Jun. 27--The competition between US Airways and Delta for flights to China is all but over, with a US Airways executive saying Tuesday that the airline doesn't plan to pursue China routes until 2009.
And flights to China from Charlotte's airport -- US Airways' busiest hub -- are likely many years off, said Andrew Nocella, a senior vice president.
Even if US Airways wanted to fly from Charlotte to China or other parts of Asia, Charlotte/Douglas International Airport doesn't have a runway that could accommodate such takeoffs.
The airport is building a 9,000-foot runway, but that will allow only more takeoffs and landings, not fully loaded large jets bound for Asia, said Jerry Orr, the airport's aviation director.
US Airways' focus on 2009 strongly suggests that Delta, which has aggressively pursued China routes, will get U.S. Department of Transportation approval to begin Atlanta-Shanghai flights, possibly by year's end.
US Airways officials announced earlier this year that they wanted to start China service. The right to fly from the U.S. to China is tightly regulated by a treaty between the countries.
The U.S. is set to award a new route this year. US Airways does not fly to Asia; Delta doesn't have a nonstop flight to China.
Nocella, who oversees US Airways' routes and schedules, said the airline wants more time to acquire aircraft that can fly to China from Philadelphia, the airline's major international gateway.
"China is a big endeavor for our company," Nocella said, "and we want to do it right."
US Airways' approach is in stark contrast to Delta, which has launched a Web site touting its China bid and citing support from 10 state governors, a dozen members of Congress and three Chinese professional organizations.
Transportation officials could decide on China flights for 2007, 2008 and 2009 this summer, Nocella said. If Delta -- the largest U.S. carrier without nonstop China service -- gets the first set of flights, US Airways could be a favorite for a route in 2009.
Last week, US Airways announced an order of 92 aircraft from Airbus, including 22 widebody A350 jets that could fly from the U.S. to China. Those planes, however, won't be delivered until 2014 at the earliest.
To get to China before then, US Airways could ask Airbus to deliver five new A340 jets in 2009, Nocella said, but the airline more likely will try to buy existing jets from another airline.
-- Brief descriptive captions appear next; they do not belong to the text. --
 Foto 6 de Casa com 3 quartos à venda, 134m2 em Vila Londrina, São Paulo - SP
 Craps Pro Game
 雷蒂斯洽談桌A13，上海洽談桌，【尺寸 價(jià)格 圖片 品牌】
US Airways explored buying A340s from Air Canada earlier this year, but Nocella said Tuesday that those jets no longer are available.
2014 at earliest
Even if US Airways gets the planes and permission to fly to China, flights wouldn't depart from Charlotte for a long time -- at least until 2014, Nocella said.
Philadelphia is a larger market, and it's closer to other big Northeast cities. New York and Washington already have China flights, but Nocella said there's room for more in the Northeast.
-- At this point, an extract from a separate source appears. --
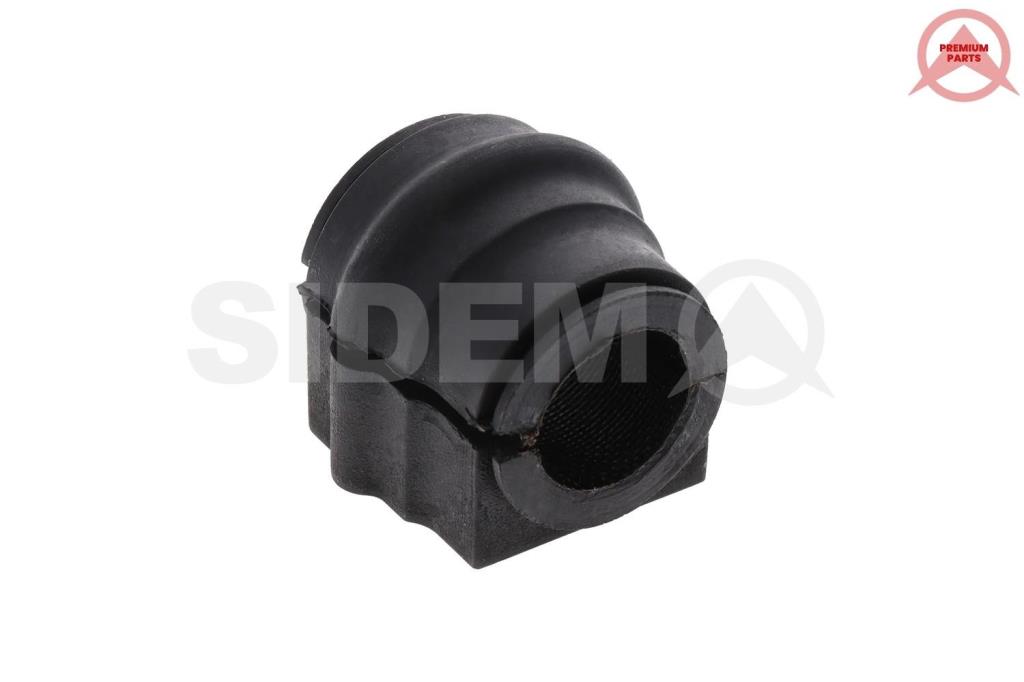 Suspension, stabilisateur SIDEM 849811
In addition, he said, the A340 would be too large a plane for the Charlotte market. The planned A350-800, with about 250 seats, would be an appropriate size.
Orr said a longer runway -- up to 12,000 feet -- has been discussed.
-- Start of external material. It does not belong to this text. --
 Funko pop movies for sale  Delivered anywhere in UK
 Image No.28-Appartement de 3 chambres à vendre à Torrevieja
"Both Japan and China are potential markets for us," Orr said, "but they're still a ways out." Nonstop cargo flights to Asia could come before passenger service, he said.
For flights to Asia, Orr said, the airport likely would extend its 10,000-foot existing runway.
But with no current plans to do so nor any desire by US Airways to add China routes in Charlotte, such a project doesn't seem imminent.
"We would extend it," Orr said, "when there's a demonstrated need."